Congratulations on your acceptance into that fine body. May you serve them, and be served by them, well.


----------



## Idelette (Apr 30, 2009)

Praise God! And thank you for posting this! I may actually be moving to Arden, NC in a couple of months! I'm excited to hear that there is a church there!


----------



## Berean (Apr 30, 2009)

I'm so happy for your congregation! Congrats!


----------



## ReformedChapin (Apr 30, 2009)

congrats


----------



## Pergamum (Apr 30, 2009)

Congrats!


----------



## PresbyDane (Apr 30, 2009)

Congratulations


----------



## Scott1 (Apr 30, 2009)

Congratulations. This will give you accountability and a stable platform in which to live covenant community.

In fact, it is worth summoning the bananas in celebration...

Though exuberant, these are reformed bananas, and they adore a solid soteriology, covenant community, the historic confessions, a spiritual view of the sacraments, church discipline and the regulative principle:


----------



## OPC'n (Apr 30, 2009)

congrats!


----------



## Semper Fidelis (Apr 30, 2009)

Congratulations!


----------



## jwithnell (Apr 30, 2009)

Hey, that's great!


----------



## Skyler (Apr 30, 2009)

Scott1 said:


> Congratulations. This will give you accountability and a stable platform in which to live covenant community.
> 
> In fact, it is worth summoning the bananas in celebration...
> 
> Though exuberant, these are reformed bananas, and they adore a solid soteriology, covenant community, the historic confessions, a spiritual view of the sacraments, church discipline and the regulative principle:



Are they Frozen Chosen? They're not dancing.


----------



## ww (Apr 30, 2009)

to the OPC!!!


----------



## Prufrock (Apr 30, 2009)

This is very good news; I'm pleased to rejoice with you!


----------



## DMcFadden (Apr 30, 2009)

Scott1 said:


> Congratulations. This will give you accountability and a stable platform in which to live covenant community.
> 
> In fact, it is worth summoning the bananas in celebration...
> 
> Though exuberant, these are reformed bananas, and they adore a solid soteriology, covenant community, the historic confessions, a spiritual view of the sacraments, church discipline and the regulative principle:



Regulative Principle??? Where does the Bible give positive sanction to the banana happy dance as an element of worship? Are you sure that you haven't been reading Dr. Frame on worship? 

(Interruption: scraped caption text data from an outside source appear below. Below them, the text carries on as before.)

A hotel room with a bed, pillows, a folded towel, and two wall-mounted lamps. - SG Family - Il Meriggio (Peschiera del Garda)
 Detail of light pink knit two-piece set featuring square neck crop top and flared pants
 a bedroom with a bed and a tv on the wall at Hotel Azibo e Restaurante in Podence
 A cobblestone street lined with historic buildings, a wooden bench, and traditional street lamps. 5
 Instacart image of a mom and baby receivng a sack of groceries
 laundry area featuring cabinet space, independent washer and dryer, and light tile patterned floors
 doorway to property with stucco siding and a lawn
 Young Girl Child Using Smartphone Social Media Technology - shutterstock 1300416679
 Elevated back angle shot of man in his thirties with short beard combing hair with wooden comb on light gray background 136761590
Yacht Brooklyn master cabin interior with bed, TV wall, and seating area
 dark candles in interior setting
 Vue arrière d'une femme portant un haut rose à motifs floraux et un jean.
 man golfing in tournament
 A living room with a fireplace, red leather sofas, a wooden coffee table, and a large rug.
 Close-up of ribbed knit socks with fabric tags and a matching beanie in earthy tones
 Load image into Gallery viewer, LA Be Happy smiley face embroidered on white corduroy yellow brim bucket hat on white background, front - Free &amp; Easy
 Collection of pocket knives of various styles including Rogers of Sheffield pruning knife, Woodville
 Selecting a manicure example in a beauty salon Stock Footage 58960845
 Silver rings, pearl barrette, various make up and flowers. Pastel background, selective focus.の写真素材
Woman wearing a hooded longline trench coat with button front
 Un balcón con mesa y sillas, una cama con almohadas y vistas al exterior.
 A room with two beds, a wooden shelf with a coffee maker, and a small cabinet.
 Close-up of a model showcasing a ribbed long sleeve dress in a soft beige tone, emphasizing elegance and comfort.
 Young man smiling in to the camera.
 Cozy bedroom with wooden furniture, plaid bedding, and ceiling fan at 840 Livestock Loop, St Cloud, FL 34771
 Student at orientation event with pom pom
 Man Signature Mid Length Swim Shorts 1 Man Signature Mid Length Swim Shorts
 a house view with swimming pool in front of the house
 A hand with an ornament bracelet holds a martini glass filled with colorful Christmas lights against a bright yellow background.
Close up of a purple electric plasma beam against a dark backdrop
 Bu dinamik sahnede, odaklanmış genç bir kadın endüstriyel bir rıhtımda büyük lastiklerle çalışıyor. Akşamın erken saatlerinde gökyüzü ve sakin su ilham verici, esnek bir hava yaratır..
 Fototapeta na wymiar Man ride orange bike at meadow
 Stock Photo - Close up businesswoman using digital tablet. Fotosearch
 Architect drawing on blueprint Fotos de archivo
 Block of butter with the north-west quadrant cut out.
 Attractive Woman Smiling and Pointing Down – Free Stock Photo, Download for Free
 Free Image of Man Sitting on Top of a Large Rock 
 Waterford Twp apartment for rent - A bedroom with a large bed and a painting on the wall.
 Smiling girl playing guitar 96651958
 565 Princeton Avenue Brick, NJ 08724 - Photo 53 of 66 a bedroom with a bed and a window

On the point of the post . . . CONGRATS!!! The presence of an OP or PCA congregation is always a cause for rejoicing in my (Baptist) book!


----------



## AndyS (Apr 30, 2009)

PointyHaired Calvinist said:


> This past weekend, our congregation was approved by the Presbytery of the Southeast, OPC, as a particular congregation. We have been independent since our formation 4 1/2 years ago, but are finally in a denominational home! Praise God for seeing us through!



Congratulations! May the Lord continue to bless your church & the ministry to the congregation that He has entrusted to your care.


----------



## Scott1 (Apr 30, 2009)

*DMcFadden's 
McFadderator Minimizing*

Congratulations. This will give you accountability and a stable platform in which to live covenant community.

In fact, it is worth summoning the bananas in celebration...

Though exuberant, these are reformed bananas, and they adore a solid soteriology, covenant community, the historic confessions, a spiritual view of the sacraments, church discipline and the regulative principle:




[/quote]



> Regulative Principle??? Where does the Bible give positive sanction to the banana happy dance as an element of worship? Are you sure that you haven't been reading Dr. Frame on worship?



The dancing bananas understand they are quite free to rejoice at the particular church's formal affiliation with a solid reformed denomination because the occasion is not, in itself, an ordinance of public (or private) worship.

Rather, they understand this to be an occasion of "festive exuberance" (where all sorts of things not expressly forbidden are allowed).

Privately, the dancing bananas acknowledge caution toward the present
theology and writings of said theologian as well, but will very carefully and charitably do so... and without a lot of exuberance.


----------



## Josiah (May 1, 2009)

Welcome!


----------